Object Creation and Problem-solving in Euclidean and Non-Euclidean Geometries

by Michael McDaniel



College geometry students, professors interested in undergraduate research and secondary geometry teachers will find three rich environments in this textbook. The first chapter contains many of the standards of Euclidean college geometry. The second and third chapters introduce non-Euclidean models where some Euclidean rules hold and others do not. With emphases on constructions and proofs, the reader is encouraged to create the objects under investigation and verify the results with reasoning. Since both models of “bent” spaces exist in Euclidean geometry, the reader gains facility with Euclidean moves through the whole book, even while exploring non-Euclidean spaces. The book itself is meant to be unpacked, expanded and taken further, just like the problems it contains.
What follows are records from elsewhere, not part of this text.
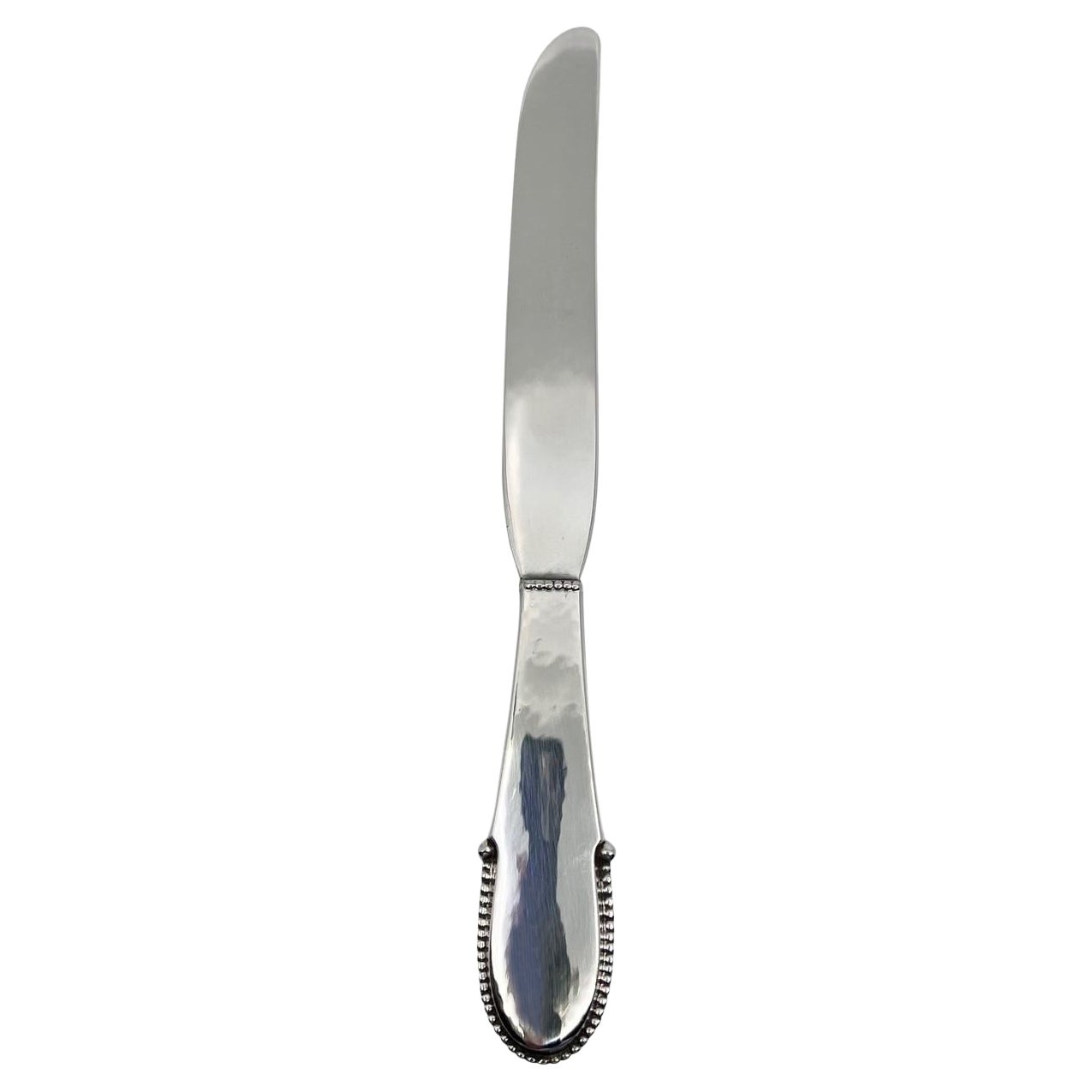 Georg Jensen Beaded Sterling Silver Master Butter Spreader 211 For Sale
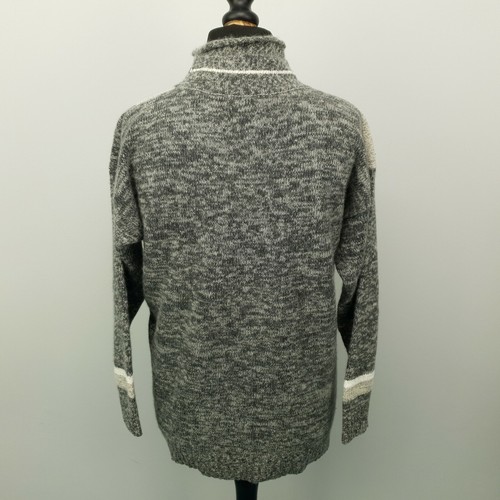Vintage Womens Jumper LARGE Lambswool Abstract RETRO Crazy Angora Blend Sweater - Picture 3 of 7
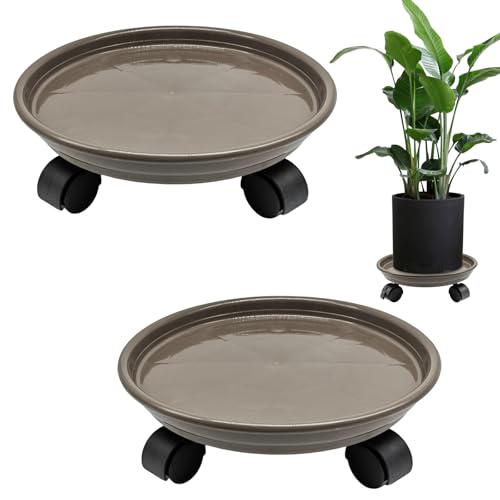 XIAONAN Pflanzenroller mit Universalrollen 2er-Pack 30CM,Palette mit Vier Rädern,Pflanzenpaletten-Behälter,Pflanzkübel, Bewegliche Pflanzentopf Untertasse Runde Blumentopf 40kg Tragkraft (Kaffee) von XIAONAN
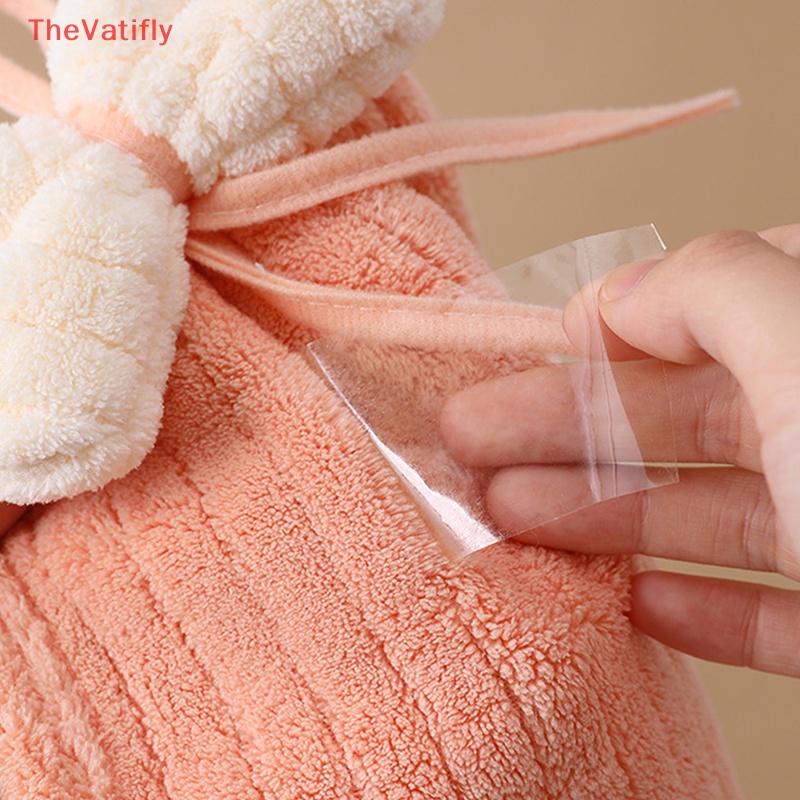 [Thevalifly] Khăn Lau Tay Sợi Nhỏ Siêu Thấm Hút Cao Hiệu Quả Cao Thắt Nơ Hoạt Hình Dễ Thương Cho Nhà Bếp Phòng Tắm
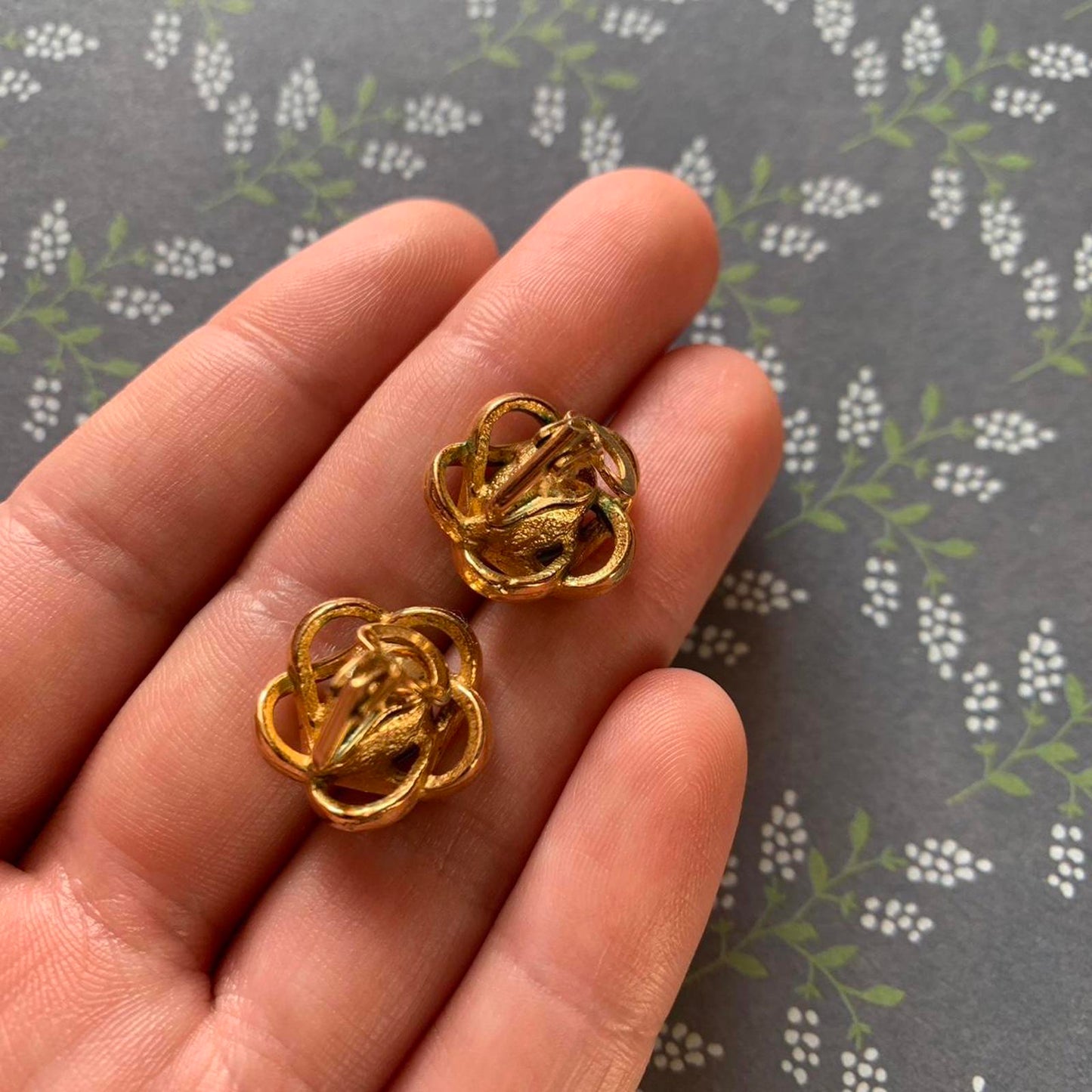 Vintage Clip On Earrings with Simulated Turquoise and Swirl Design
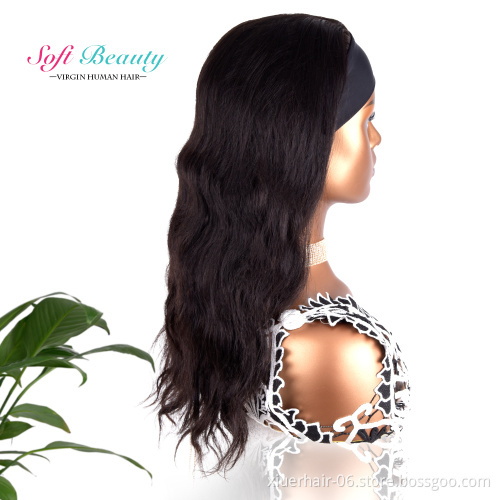RTS Body Wave Natural Color Raw HD Brazilian for Black Women Coloured No Lace Headband Wig Cheap Human Hair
Geometry by Construction challenges its readers to participate in the creation of mathematics. The questions span the spectrum from easy to newly-published research and so are appropriate for a variety of students and teachers. From differentiation in a high school course through college classes and into summer research, any interested geometer will find compelling material.

Teachers and professors might especially appreciate the way constructions provide open-ended questions which resist internet searches for solutions. College students should find the five refereed results from undergraduates like themselves encouraging. The active reader joins the mathematical tradition of a laboratory being a notebook plus a compass and ruler (or a dynamic geometry program on a computer.) New ideas await exploration and here are examples!

About The Author

Michael McDaniel has won teaching awards at his schools in the USVI, New Jersey and Michigan. He earned his Ph.D. in 1997 at the George Washington University and has been at Aquinas College since 1998. During his first sabbatical, he picked up some non-Euclidean construction skills and creating the objects of his college geometry course has become his favorite pastime. He has become a hyperbolic and elliptic tour guide, pushing students to explore landscapes both familiar and unusual. The Mohler-Thompson Research Fund provided the opportunity to take some students beyond tourism into full-time residency in bent spaces.